/---
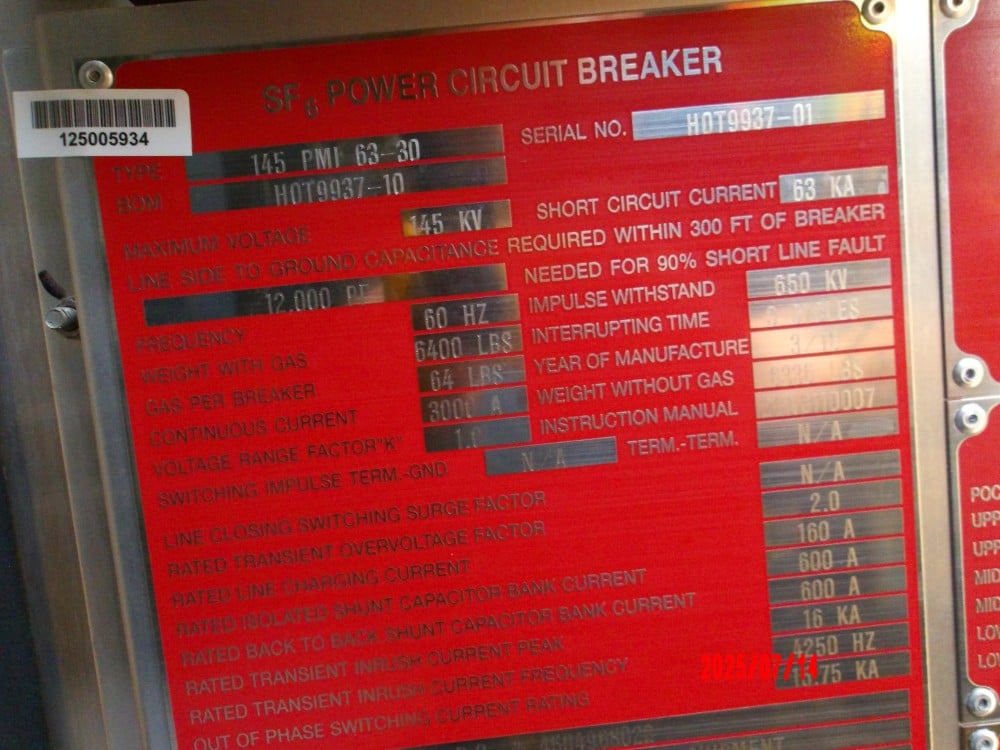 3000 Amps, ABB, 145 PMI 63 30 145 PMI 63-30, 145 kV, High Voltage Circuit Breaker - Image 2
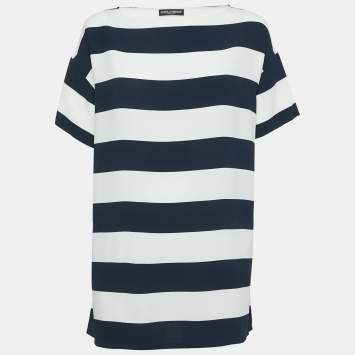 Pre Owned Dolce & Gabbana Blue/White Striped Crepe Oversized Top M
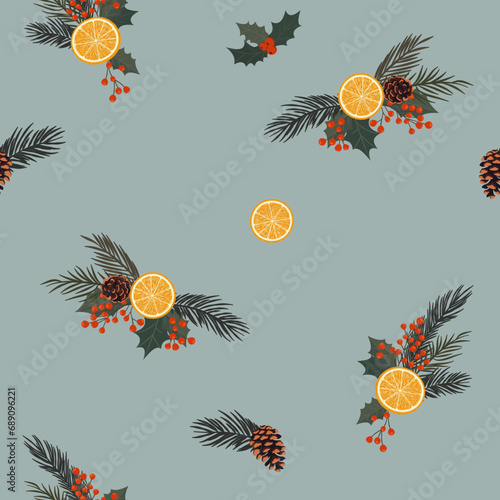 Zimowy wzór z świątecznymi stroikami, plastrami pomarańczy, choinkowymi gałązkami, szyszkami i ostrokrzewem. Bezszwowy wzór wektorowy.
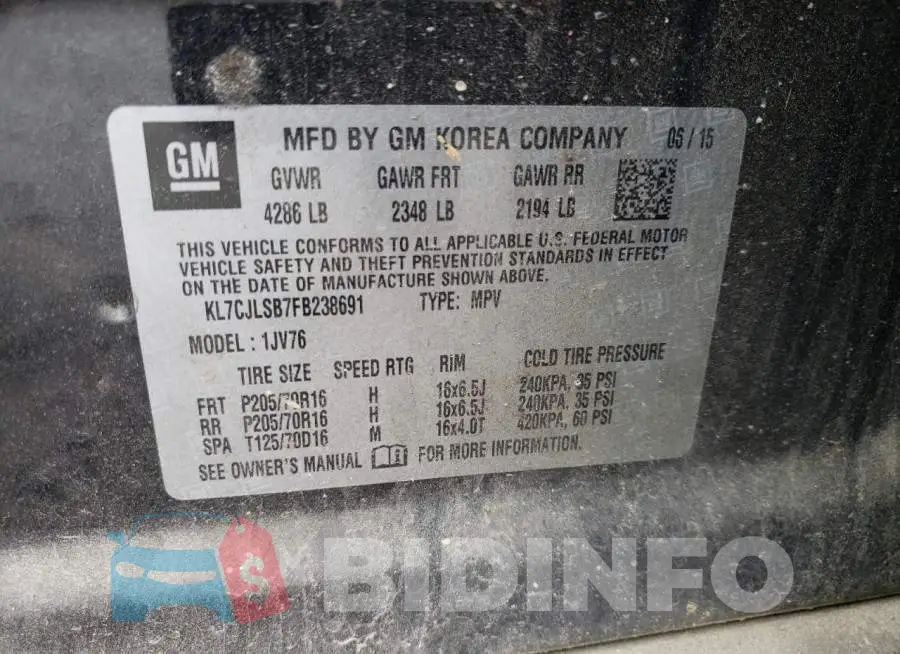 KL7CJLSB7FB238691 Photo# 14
\---
■ **Task statement**: With the images omitted, repeat all the data word for word.

■ **Finished exercise**:
 3000 Amps, ABB, 145 PMI 63 30 145 PMI 63-30, 145 kV, High Voltage Circuit Breaker - Image 2
 Pre Owned Dolce & Gabbana Blue/White Striped Crepe Oversized Top M
 Zimowy wzór z świątecznymi stroikami, plastrami pomarańczy, choinkowymi gałązkami, szyszkami i ostrokrzewem. Bezszwowy wzór wektorowy.
 KL7CJLSB7FB238691 Photo# 14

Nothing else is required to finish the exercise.